熱中症予防管理者(インストラクター)が行う実効性ある対策

ここまで、熱中症による労働災害の現状や対策が失敗する理由・原因を解説しました。このことからも、熱中症予防管理者を中心に対策に取り組むことが大切といえるでしょう。
ここからは、熱中症予防管理者が行う課題解決について解説します。具体的な課題解決のポイントは、以下の3つです。
- 暑熱順化
- ルールの整備と意識づけ
- 緊急時マニュアルと訓練の整備
それぞれの内容についてみていきましょう。
暑熱順化
暑熱順化とは、体が暑さに慣れることで熱中症にかかりにくくなる生理的な適応現象のことです。熱中症予防管理者は、作業者の暑熱順化状態を把握した上で、段階的な作業計画を考えます。
暑熱順化を促進する具体的な方法として、 作業開始前の2週間程度から計画的に暑熱環境での活動を増やしていきます 。初日は軽作業を1時間程度から始め、徐々に作業強度と時間を増やしていく方法が効果的です。また、新規入場者や長期休暇明けの作業者には、特に注意を払う必要があります。
ルールの整備と意識づけ
熱中症予防管理者は、ルールの整備と意識づけにも取り組みます。
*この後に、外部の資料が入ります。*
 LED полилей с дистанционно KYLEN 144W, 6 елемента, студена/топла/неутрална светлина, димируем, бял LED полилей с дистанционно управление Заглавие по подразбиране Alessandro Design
厚生労働省の公表によると、WBGT値(暑さ指数)が31度以上の場合は原則として作業中止、28度以上31度未満は「厳重警戒(激しい運動は中止)」、25度以上28度未満は「警戒(積極的に休息)」 という基準が示されています。予防管理者は、WBGT値を上手く活用しながら、熱中症対策に講じていきます。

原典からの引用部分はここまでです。